Cook the bacon in the same skillet until crisp and the fat is rendered — about 5-6 minutes.
Add the onion and carrot to the skillet with a dash of salt and cook until the veggies soften and begin to brown — about 8-10 minutes.
Add the garlic, thyme and tomato paste and cook until fragrant — about 1-2 minutes.
Add about 2-3 tablespoons of flour and cook for another minute.
Slowly add about a cup of red wine (most recipes call for Pinot Noir, but you could also use a burgundy wine if you’re feeling all authentic), scraping up any brown bits from the bottom of the skillet and smoothing out any lumps.
Add the red wine broth to the slow-cooker, then add 3 tablespoons soy sauce and a bay leaf (torn in half.) Cover the crock pot and cook on the low setting for 9-11 hours (5-7 hours on high.) Begin the next steps involving the onions and mushrooms about 20-30 minutes before you plan to serve dinner.

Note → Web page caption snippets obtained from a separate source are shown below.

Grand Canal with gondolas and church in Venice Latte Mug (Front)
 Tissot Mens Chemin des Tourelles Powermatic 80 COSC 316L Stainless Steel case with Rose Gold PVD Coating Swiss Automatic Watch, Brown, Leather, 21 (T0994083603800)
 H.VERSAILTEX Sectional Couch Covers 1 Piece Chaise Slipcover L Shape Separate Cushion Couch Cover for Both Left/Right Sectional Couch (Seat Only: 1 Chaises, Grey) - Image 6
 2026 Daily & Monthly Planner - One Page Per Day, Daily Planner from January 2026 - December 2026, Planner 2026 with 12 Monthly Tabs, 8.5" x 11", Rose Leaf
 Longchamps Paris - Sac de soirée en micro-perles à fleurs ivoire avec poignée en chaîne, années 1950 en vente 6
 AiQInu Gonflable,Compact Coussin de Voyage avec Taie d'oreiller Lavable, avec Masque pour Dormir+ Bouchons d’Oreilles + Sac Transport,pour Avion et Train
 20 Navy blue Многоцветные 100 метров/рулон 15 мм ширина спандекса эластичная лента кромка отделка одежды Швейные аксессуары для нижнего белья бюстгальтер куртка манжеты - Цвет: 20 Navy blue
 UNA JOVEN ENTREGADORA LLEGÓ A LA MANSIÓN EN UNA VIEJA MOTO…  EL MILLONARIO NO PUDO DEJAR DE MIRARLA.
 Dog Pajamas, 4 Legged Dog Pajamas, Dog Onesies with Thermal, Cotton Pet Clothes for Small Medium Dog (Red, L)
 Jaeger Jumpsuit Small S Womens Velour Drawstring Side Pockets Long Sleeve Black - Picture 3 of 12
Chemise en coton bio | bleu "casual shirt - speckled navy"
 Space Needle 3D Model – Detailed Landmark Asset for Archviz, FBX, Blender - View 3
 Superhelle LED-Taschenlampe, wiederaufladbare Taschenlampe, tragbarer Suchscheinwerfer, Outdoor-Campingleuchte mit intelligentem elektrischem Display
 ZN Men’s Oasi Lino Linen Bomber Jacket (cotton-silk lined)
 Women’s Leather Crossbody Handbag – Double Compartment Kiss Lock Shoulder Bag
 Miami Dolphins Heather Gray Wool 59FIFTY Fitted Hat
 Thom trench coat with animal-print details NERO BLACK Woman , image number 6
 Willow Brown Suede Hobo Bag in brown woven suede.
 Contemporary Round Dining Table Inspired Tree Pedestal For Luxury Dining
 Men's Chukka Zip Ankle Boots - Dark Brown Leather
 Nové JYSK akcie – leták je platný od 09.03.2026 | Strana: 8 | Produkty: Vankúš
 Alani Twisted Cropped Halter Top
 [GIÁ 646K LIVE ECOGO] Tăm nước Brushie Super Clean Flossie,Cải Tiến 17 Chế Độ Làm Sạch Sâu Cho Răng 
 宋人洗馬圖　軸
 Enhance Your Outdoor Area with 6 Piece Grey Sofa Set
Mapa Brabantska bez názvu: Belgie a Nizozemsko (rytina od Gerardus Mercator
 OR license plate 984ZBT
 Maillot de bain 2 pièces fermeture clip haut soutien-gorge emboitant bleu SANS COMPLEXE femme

The original recipe calls for 1 cup of frozen pearl onions. We couldn’t find any frozen onions at our grocery store, so we used fresh pearl onions instead. After doing some research, we discovered that one benefit to using the frozen variety is that the onions are already peeled. If using frozen onions, the recipe calls for simmering them in a covered pot with 1/4 cup water, a tablespoon and a half of butter and a teaspoon of sugar until the onions are thawed and tender — about 5-8 minutes. Then uncover the pot and cook until the liquid evaporates — about 3-4 minutes. If using frozen pearl onions, skip ahead to the sautéing with mushrooms step. For our fresh pearl onions, we followed this recipe for peeling and braising them. Start by blanching the onions in boiling water for about a minute.
Rinse the onions in cold water.
Then cut off the ends and peel back the skins.
Heat about a tablespoon of butter in a large skillet, add the onions and saute until lightly browned.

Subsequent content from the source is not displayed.